Instructions for the task - Take the line containing "Peugeot 2008 2008" and every line after it to the end of the records, and copy them exactly, excluding pictures.

[[ Extracted information, beginning ]]

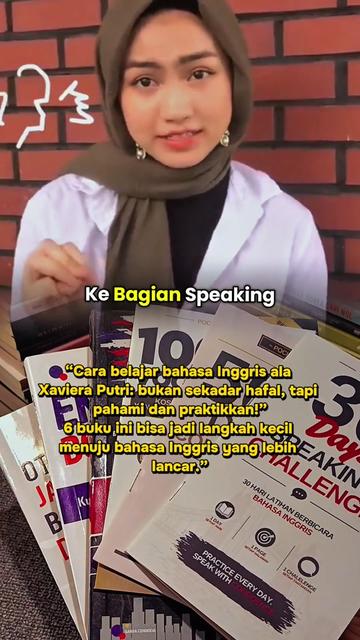 @ILMU BAHASA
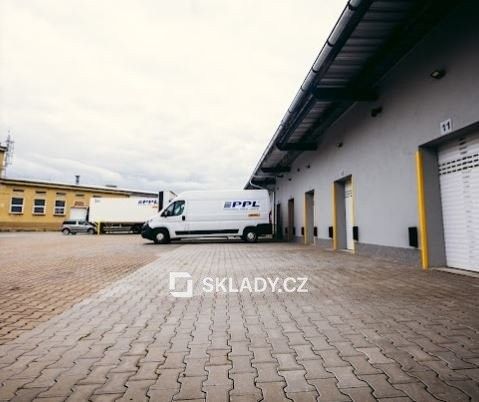 Sklady, Sobotka, 1 m²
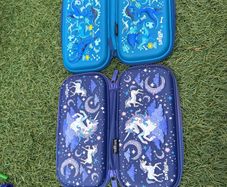 Pencil cases
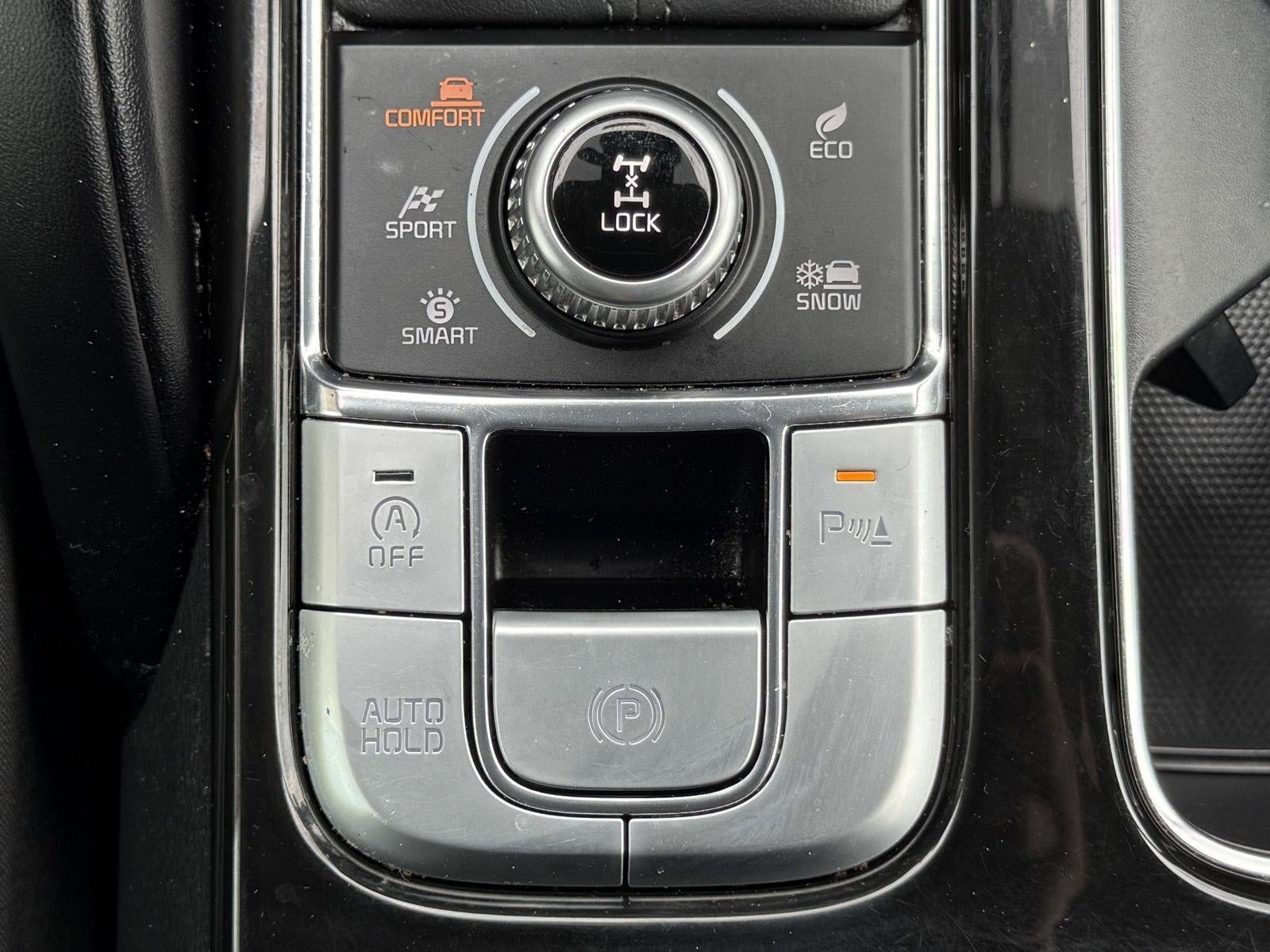 2024 Kia Telluride S AWD
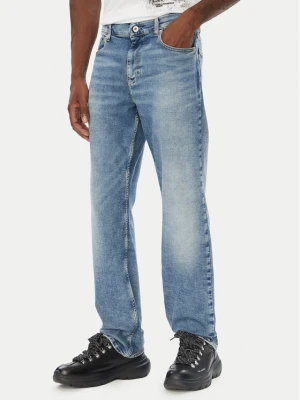 Foto del prodotto Karl Lagerfeld Jeans Jeans B4M10010 Blu Straight Leg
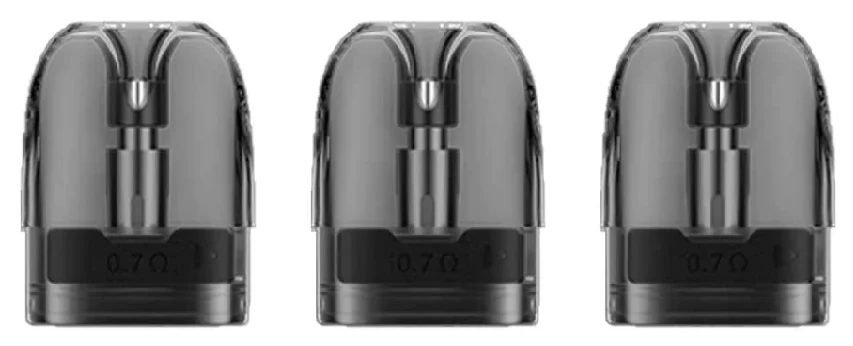 VooPoo Argus Replacement Pods 3ml - Image 2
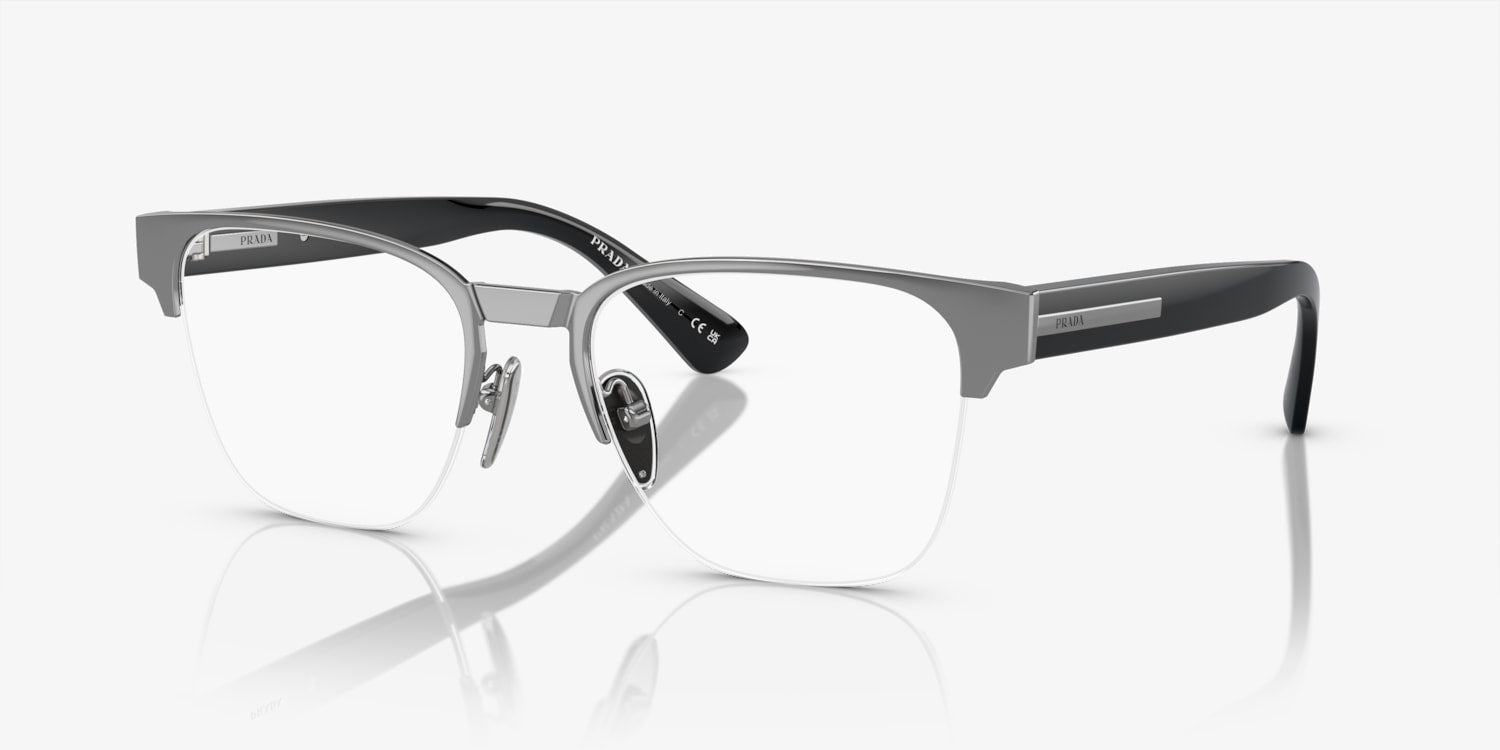 PRADA EYEGLASSES - PR A52V 5AV1O1 54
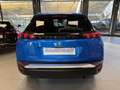 Peugeot 2008 2008 1.2 puretech Allure Pack s&s 100cv Blau - thumbnail 3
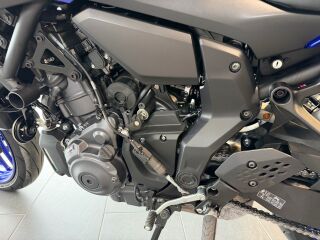 Yamaha MT-07 R2 54kW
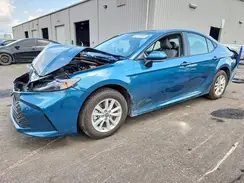 4T1DBADK9TU046075 2026 TOYOTA CAMRY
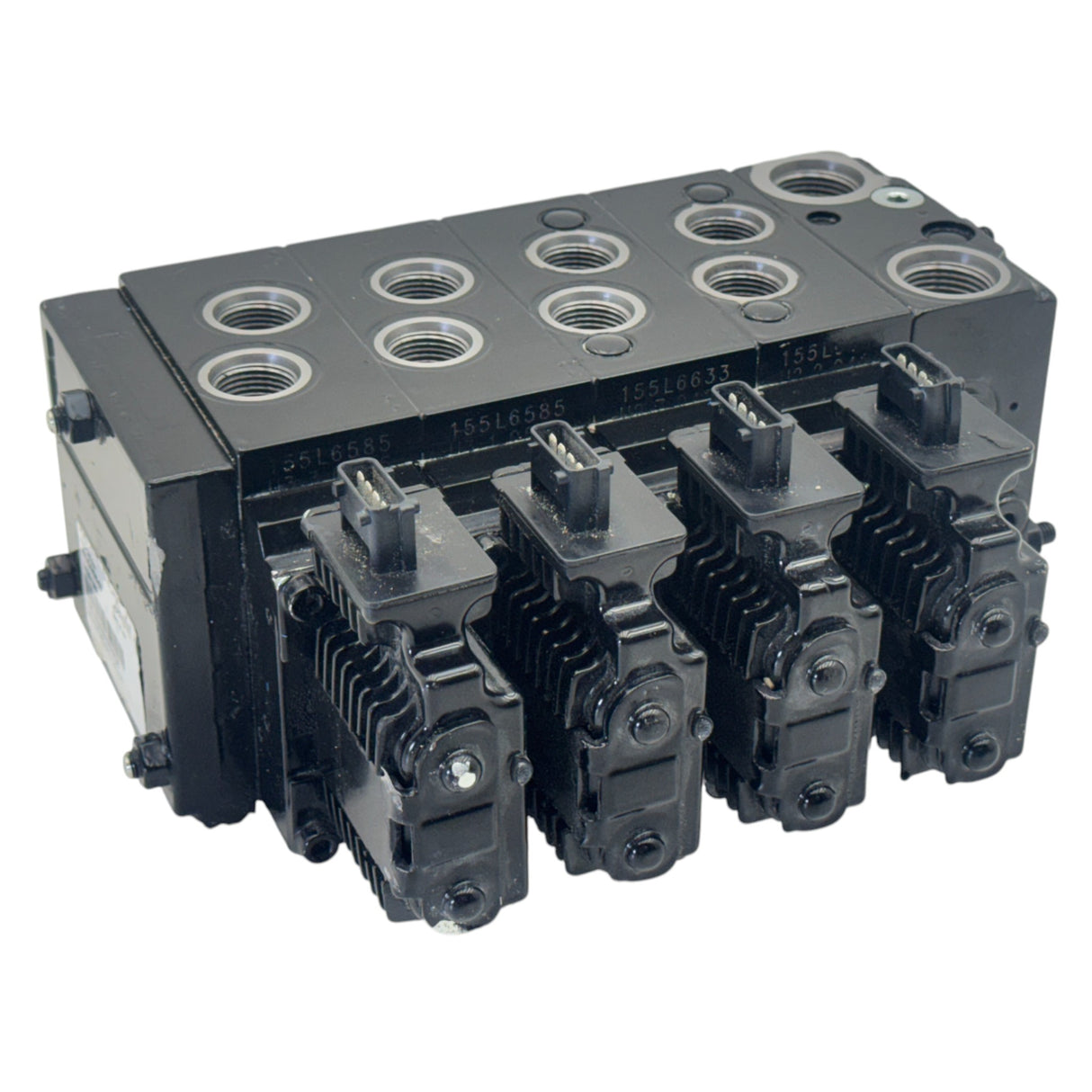 11251093 Genuine Danfoss Valve Assembly PVP 145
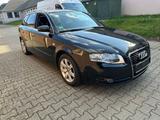 Audi A4 2.0 TDI (DPF) Avant - - Audi A4 aus 2007: Kombi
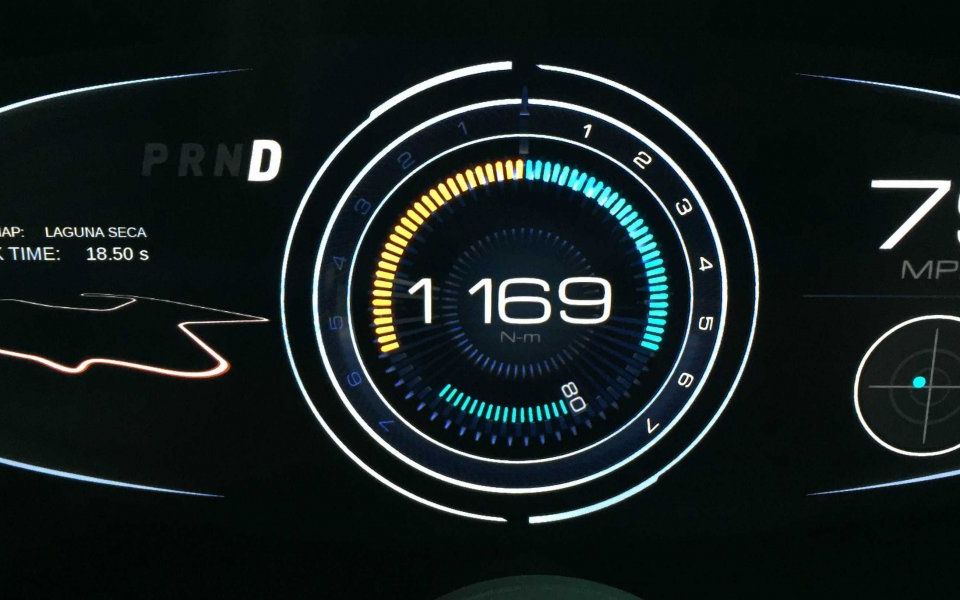 Prima masina care va avea cel mai puternic procesor ce tocmai a fost lansat de Nvidia. Cat costa masina care prinde 100km/h in 3.4 secunde Prima Masina Care Va Avea Cel Mai Puternic Procesor Ce Tocmai A Fost Lansat De Nvidia Cat Costa Masina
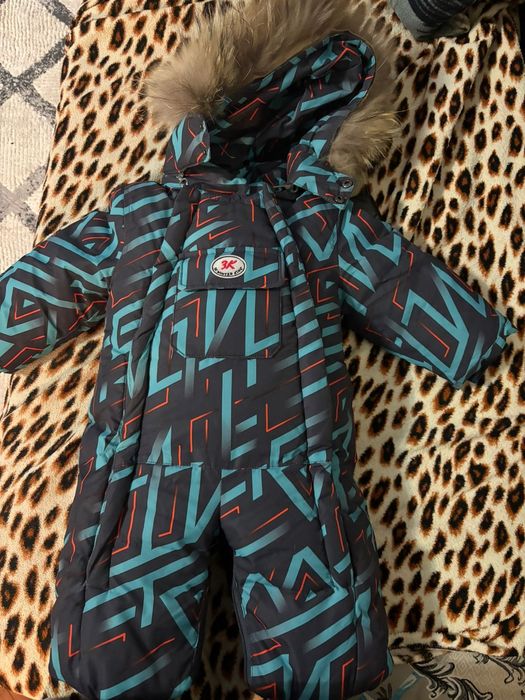 Детская одежда б/у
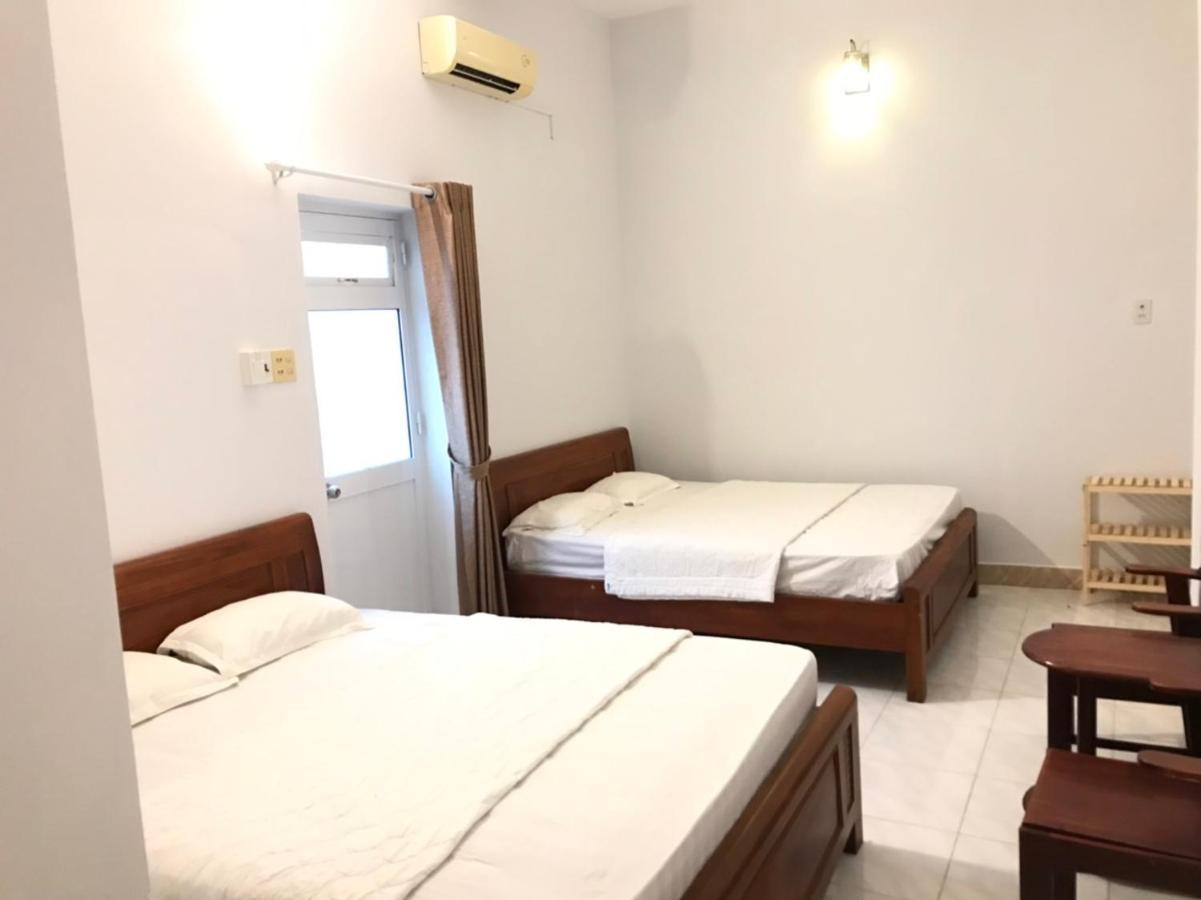 Sunny Homestay Mui Ne Фан Тиет Екстериор снимка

[[ Extracted information, end ]]

Result for this task -
 Peugeot 2008 2008 1.2 puretech Allure Pack s&s 100cv Blau - thumbnail 3
 Yamaha MT-07 R2 54kW
 4T1DBADK9TU046075 2026 TOYOTA CAMRY
 11251093 Genuine Danfoss Valve Assembly PVP 145
 Audi A4 2.0 TDI (DPF) Avant - - Audi A4 aus 2007: Kombi
 Prima masina care va avea cel mai puternic procesor ce tocmai a fost lansat de Nvidia. Cat costa masina care prinde 100km/h in 3.4 secunde Prima Masina Care Va Avea Cel Mai Puternic Procesor Ce Tocmai A Fost Lansat De Nvidia Cat Costa Masina
 Детская одежда б/у
 Sunny Homestay Mui Ne Фан Тиет Екстериор снимка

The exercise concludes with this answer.